---------- MATERIALS PROVIDED ----------

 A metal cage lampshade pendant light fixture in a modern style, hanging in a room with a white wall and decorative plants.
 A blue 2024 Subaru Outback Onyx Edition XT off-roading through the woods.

----------
---------- MATERIALS PROVIDED ----------

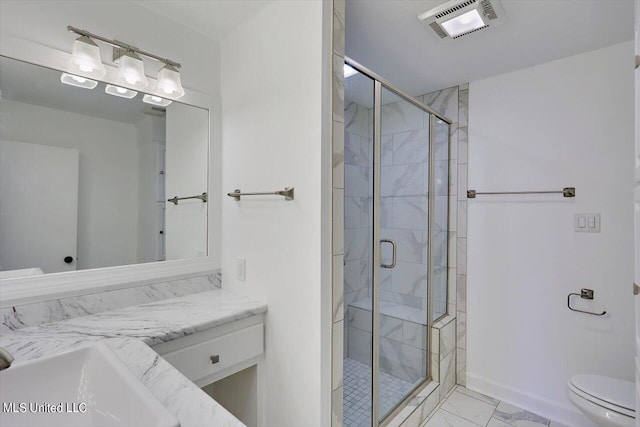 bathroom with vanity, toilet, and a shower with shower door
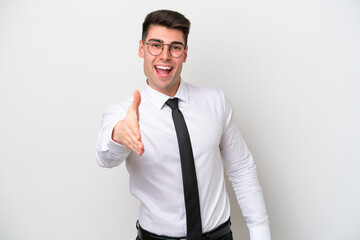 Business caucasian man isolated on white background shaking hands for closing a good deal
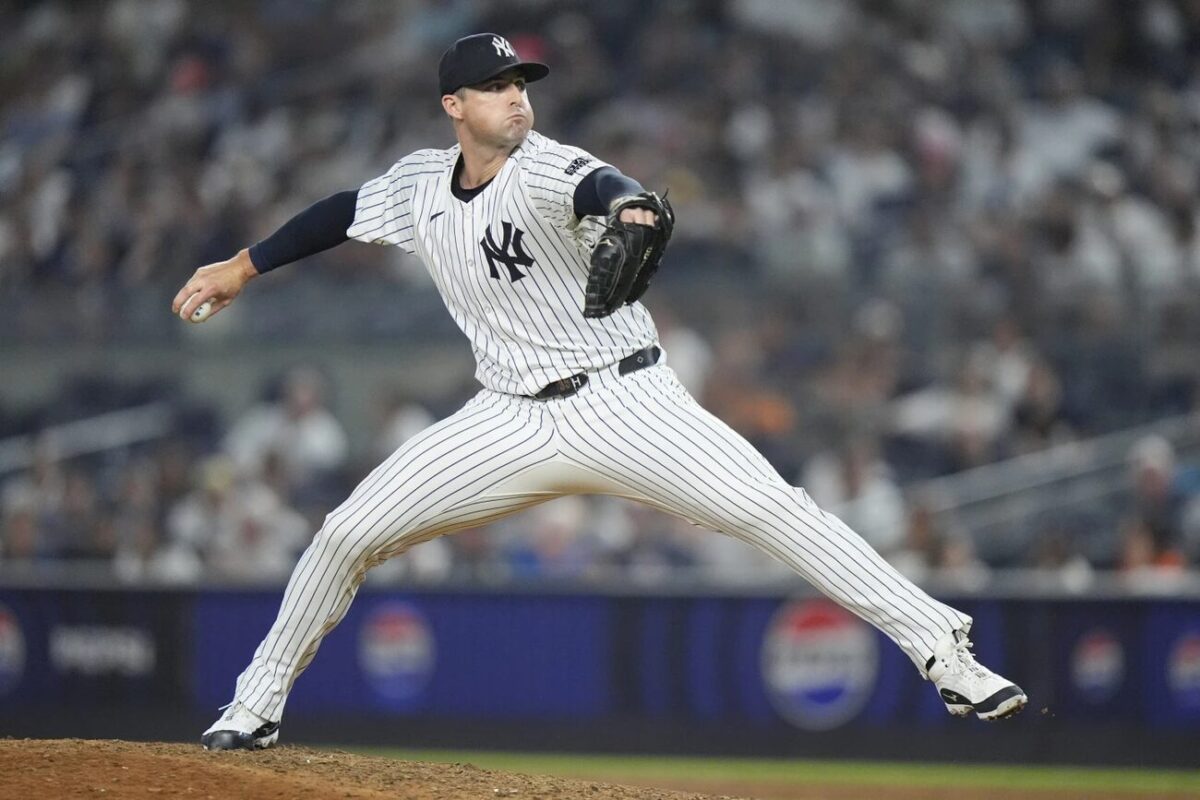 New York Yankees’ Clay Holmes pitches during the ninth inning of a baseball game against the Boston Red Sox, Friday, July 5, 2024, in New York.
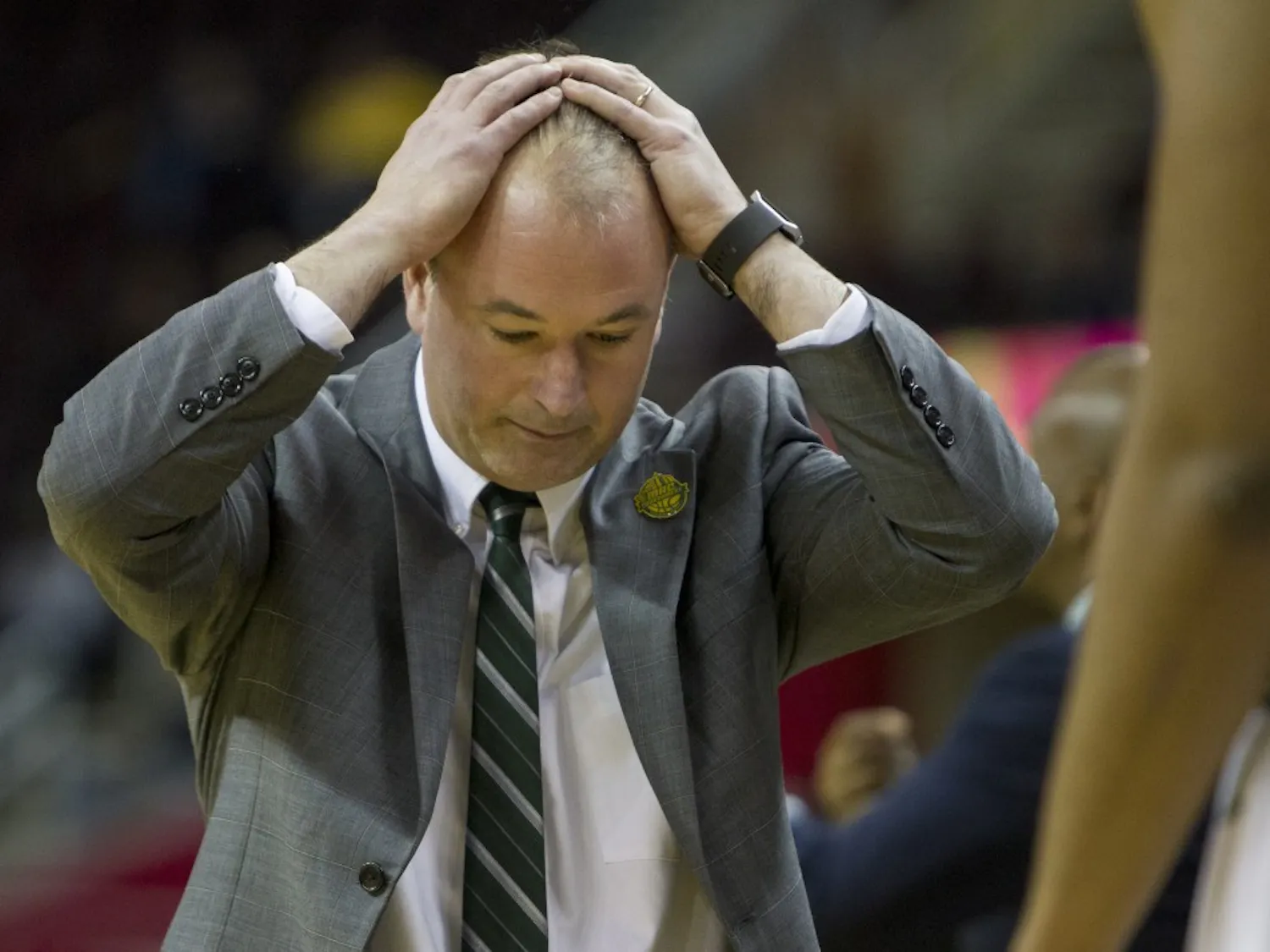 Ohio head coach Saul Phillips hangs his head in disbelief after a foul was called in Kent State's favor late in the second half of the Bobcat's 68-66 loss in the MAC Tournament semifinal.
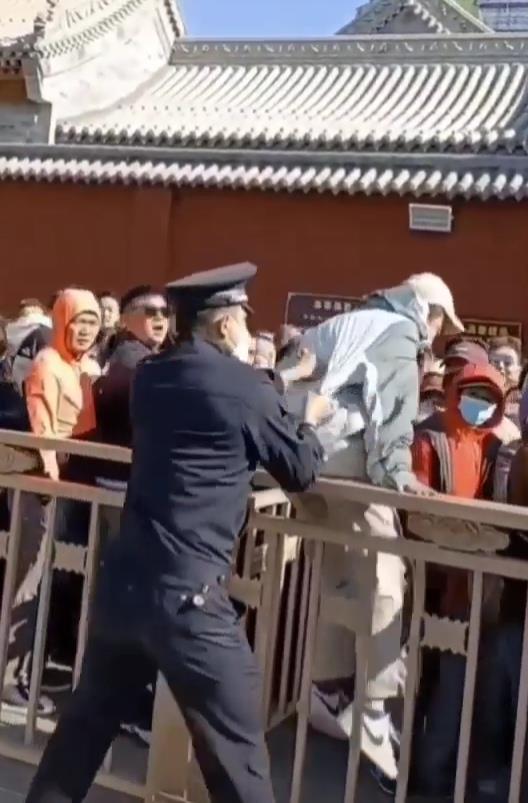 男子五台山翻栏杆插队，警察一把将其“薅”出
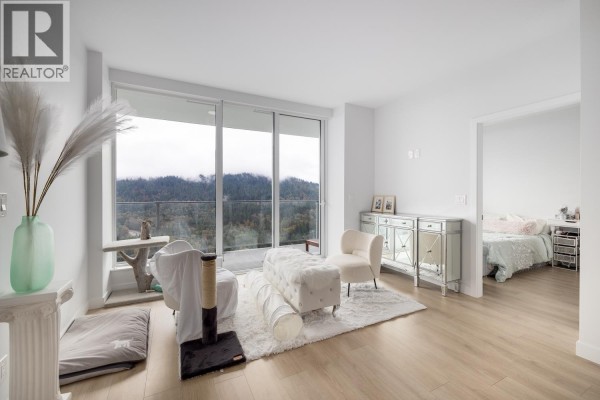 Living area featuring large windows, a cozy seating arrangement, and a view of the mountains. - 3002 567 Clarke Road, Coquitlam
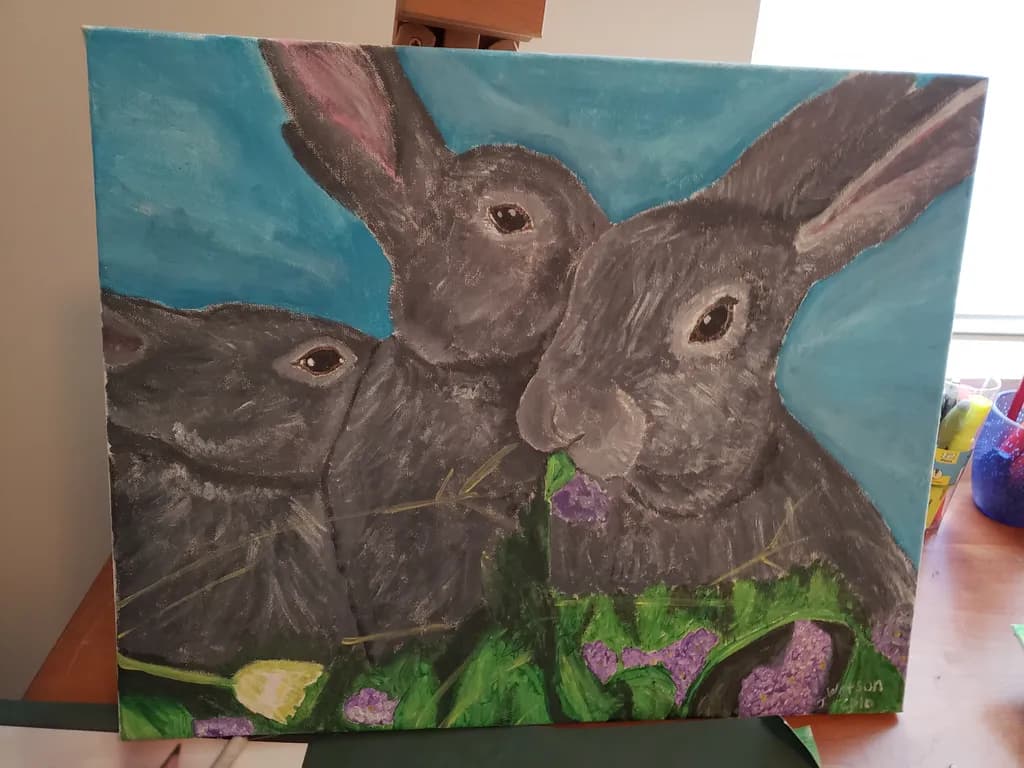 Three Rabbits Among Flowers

----------

» **TASK**
Beginning at the line above that contains "A metal cage", return each line exactly through the line that contains "A blue 2024", and no others.

» **RESULT**
 A metal cage lampshade pendant light fixture in a modern style, hanging in a room with a white wall and decorative plants.
 A blue 2024 Subaru Outback Onyx Edition XT off-roading through the woods.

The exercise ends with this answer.